ASSIGNMENT
From the line containing "Buna göre, limited" to the line containing "进去粗粗硬硬紧紧的好爽在线视频" in the records below, set down every line exactly as it stands, both ends included, and skip the pictures.

SOURCE INFORMATION
---

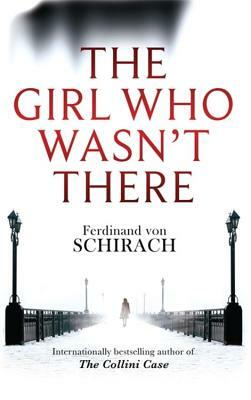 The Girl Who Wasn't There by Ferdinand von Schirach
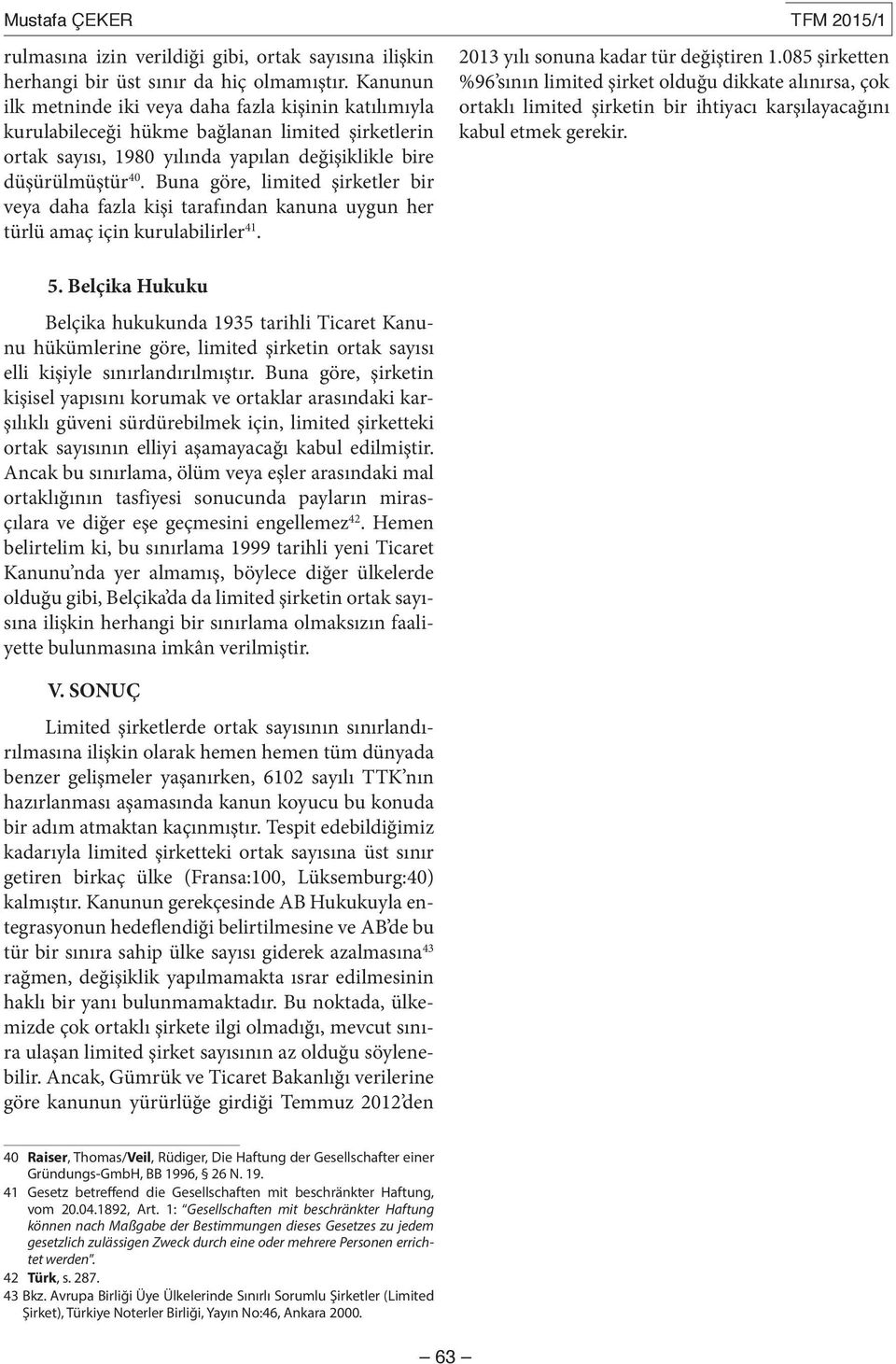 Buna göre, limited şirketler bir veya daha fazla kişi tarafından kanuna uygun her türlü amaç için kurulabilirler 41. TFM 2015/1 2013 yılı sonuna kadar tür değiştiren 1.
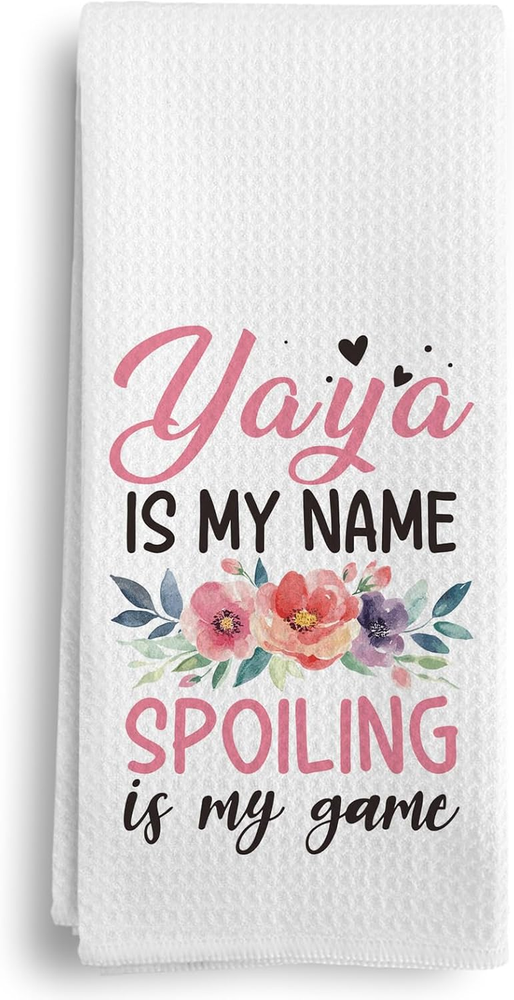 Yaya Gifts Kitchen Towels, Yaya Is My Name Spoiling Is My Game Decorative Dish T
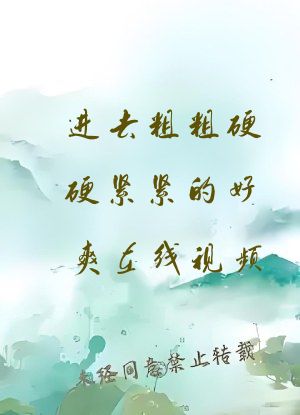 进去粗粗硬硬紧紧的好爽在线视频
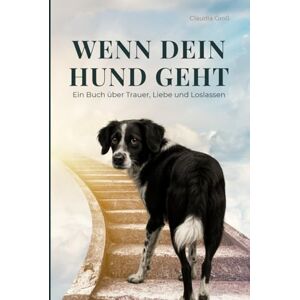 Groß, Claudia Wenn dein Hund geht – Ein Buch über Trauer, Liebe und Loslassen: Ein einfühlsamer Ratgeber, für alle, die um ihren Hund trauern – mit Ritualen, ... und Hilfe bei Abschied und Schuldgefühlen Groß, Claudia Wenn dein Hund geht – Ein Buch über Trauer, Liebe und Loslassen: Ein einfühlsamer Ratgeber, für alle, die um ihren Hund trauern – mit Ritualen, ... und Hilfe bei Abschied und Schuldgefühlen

---

TASK SOLUTION
 Buna göre, limited şirketler bir veya daha fazla kişi tarafından kanuna uygun her türlü amaç için kurulabilirler 41. TFM 2015/1 2013 yılı sonuna kadar tür değiştiren 1.
 Yaya Gifts Kitchen Towels, Yaya Is My Name Spoiling Is My Game Decorative Dish T
 进去粗粗硬硬紧紧的好爽在线视频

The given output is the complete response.